The transparency with which they work has obviously gathered a lot of attention. Their ideas, as has just been so comprehensively demonstrated, are shared openly. It must have both helped and hindered them. “It helps,” says Persson, “because it’s part of how I wanted to develop games, inspired by 2D Boy and TaleWorlds. I am very verbose, and I’m used to talking about things. And it gets us lots of good PR, because it means people want us to succeed.”

However he’s also aware that it does mean other people can take his ideas. “I don’t mind clones,” he adds, expressing his dislike of people being prevented from making mimicking games. “You own the concept of blocks falling?! I’m really against the idea of software patents.” But if he gives all his ideas away, he says, other people could work on it before he’s able. “So it’s a strategy to not do that.” He laughs, and continues, “But now I’ve told you all the ideas anyway.”

There’s a strong tone of the desire for ideas to be free within the company. While disappointed when people use their trademarks or art work, Persson fully encourages people to steal the ideas behind Minecraft. There’s plans to release parts of the source code in the future, to encourage people to modify the game. The save and load code, for instance, will likely be released to allow others to make their own level generators. Modding support will also contain a lot of source code. But not the core, or the renderer, at this stage. But later on, once the game is no longer being developed, he can see the whole game code being released.

Something occurred to me during my time with Mojang that I’d not thought about before. Minecraft taps into something on a really primal level – it’s about the very most basic human needs. It addresses the basics of Maslow's hierarchy of needs, focusing on the need for homeostasis and shelter ahead of the subjects of most other games, that appear higher on Maslow's pyramid. Friendship, family, respect, morality, problem solving and so on are the subjects on which most games will centre their narratives, even if they’re just about shooting soldiers in the face. But Minecraft gets at what lies underneath. Persson sees it so much more clearly. “If you base your game on reality, you don’t have to design – you can just copy.”

With his town simulator, and of course Wurm Online before Minecraft, the theme is consistent in his games. “I think it comes from the frustration with other games,” he explains. “Why can’t I do this? Why can’t I open this door?” It’s unfamiliar from how I would expect it to work.” But this seems to be something that’s been the case for twenty years now. “And they get worse,” Persson adds. “I figure it ties into how linear a game is. If a game is too linear, if you try to explore you just get frustrated.” We talk about a shared desire in driving games to drive the wrong way around the track, or off toward the crowd.

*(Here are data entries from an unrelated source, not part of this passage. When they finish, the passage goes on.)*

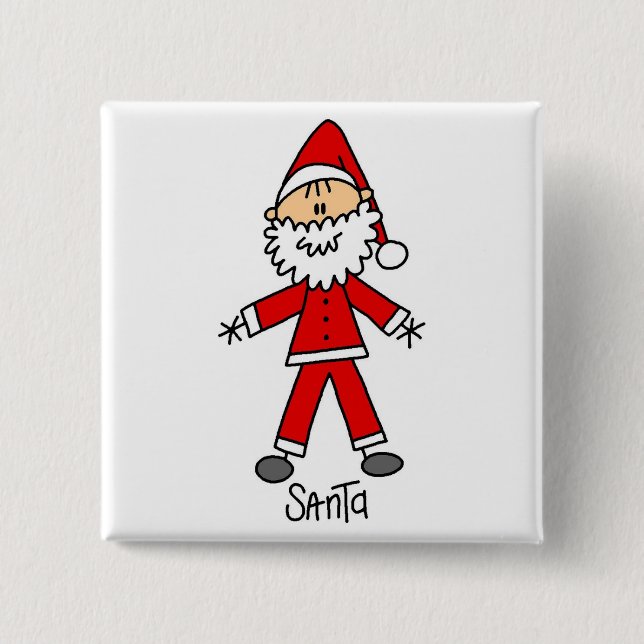 Stick Figure Santa Claus Tshirts and Gifts 15 Cm Square Badge (Front)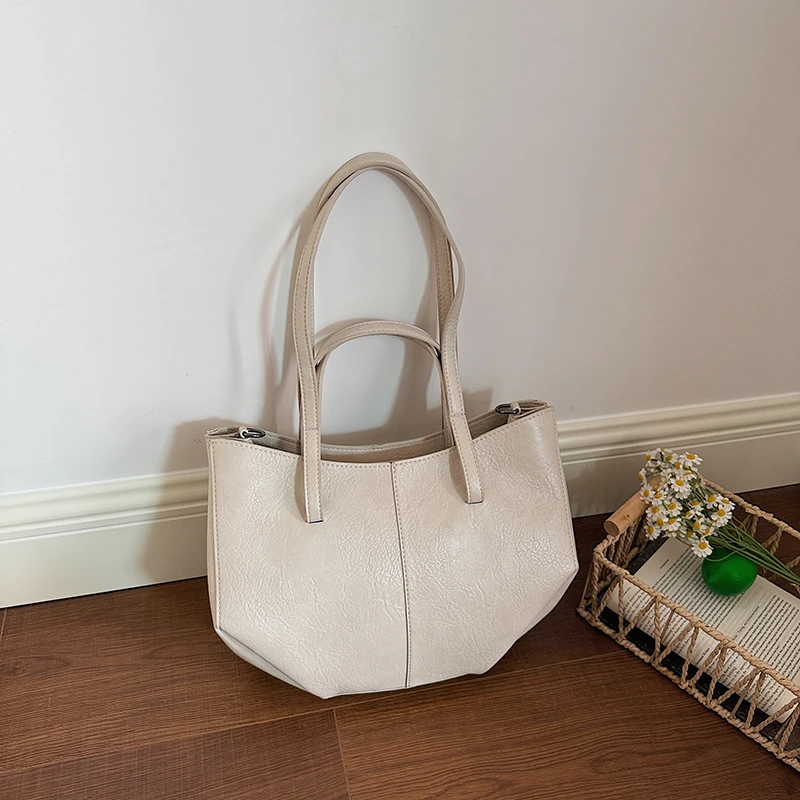 

Винтажная мягкая сумка-тоут для женщин, вместительная повседневная сумка через плечо с верхней ручкой, минималистичная сумка-кроссбоди для шопинга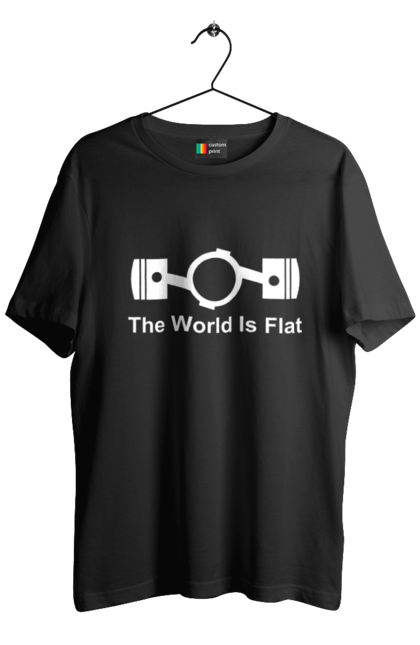 Футболка чоловіча з принтом "World Flat". Авто, деталь, машини. 2070702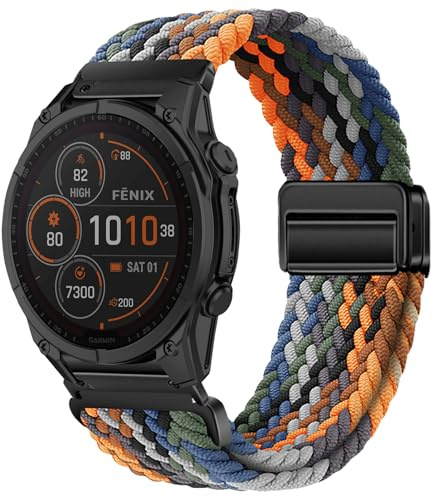 SumRioo QuickFit 26 mm armband för Garmin Fenix 8 51 mm/7X Pro/7X/6X Pro/6X/5X/3/3HR, nylon magnetiskt lås, flätat elastiskt armband för Enduro 3/Instinct 3 50 mm/Tactix 8 51 mm
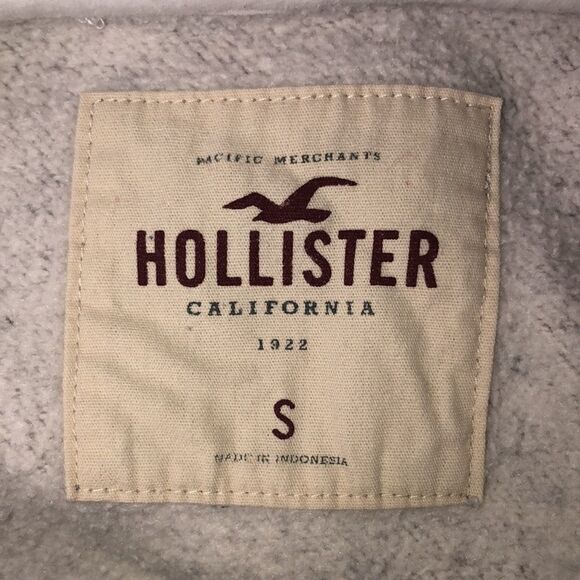 Hollister S LA Gray Silver Hooded Sweatshirt - Picture 10 of 11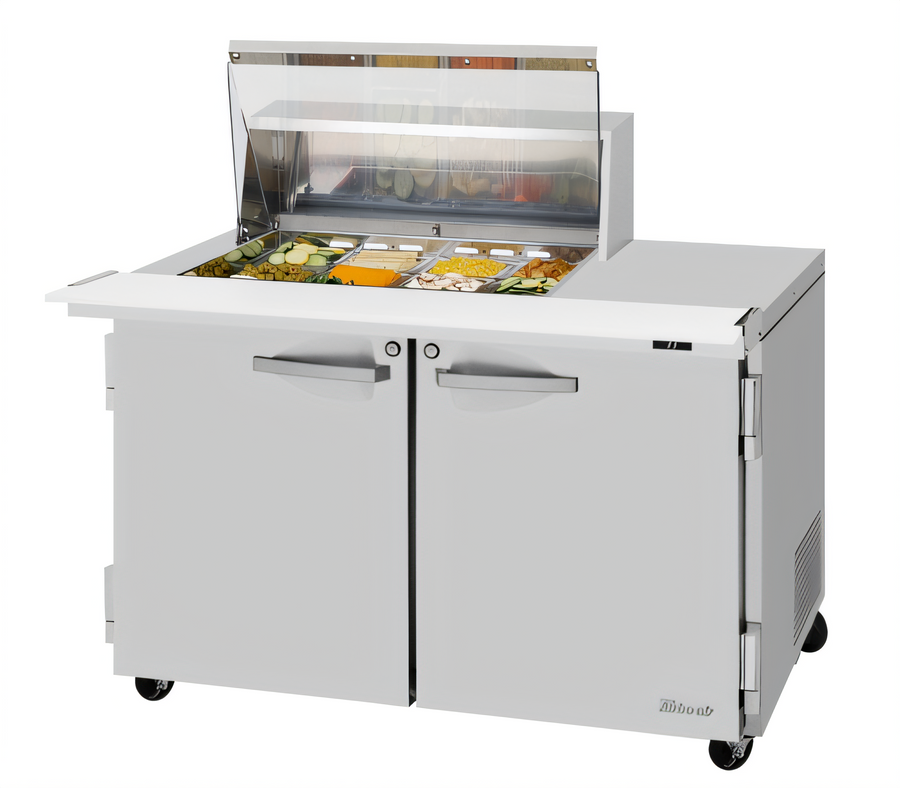 Product image #1 for Turbo Air PRO Series 48-Inch 2-Section Refrigerated Sandwich/Salad Mega Prep Table with Clear Lid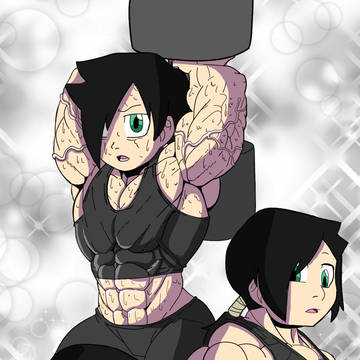 Tomoko pumping iron recolored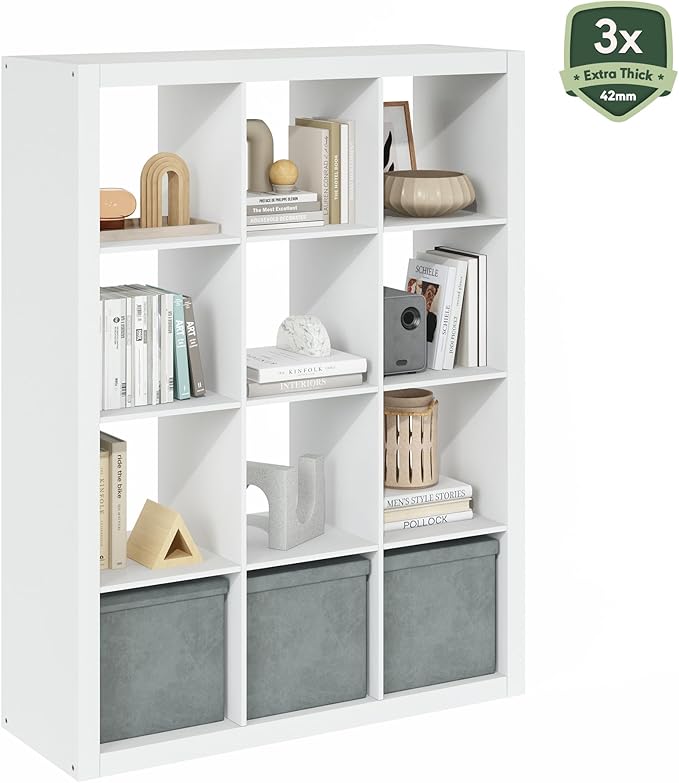 Furinno Cubicle Book Shelf, 12-Cube Bookshelf, Triple Thick Frame Cube Storage Organizer, Bookcase, 15.4 x 57.4 x 43.4, for Home Office, Living Room, Plain White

Which captures so much of the overriding philosophy of Mojang. As much as Minecraft is procedurally generated, so is their development. This open, inspired method of constant iterations seems to constantly surprising themselves. Persson explains that mob villages will likely be an expansion for Minecraft after it’s finished. But then if he realises how to do it before, then it’ll get in there.

It’s risky, exciting. But they’re also in a position of security with the remarkable cash at their disposal, new offices they’re in the process of making their own, and the opportunities to make the games they’ve always wanted to play. And Persson recognises that need for safety, both in and out of the game.

“The sense of security is really important. That’s why torches are in the game. It’s so you can feel safe.”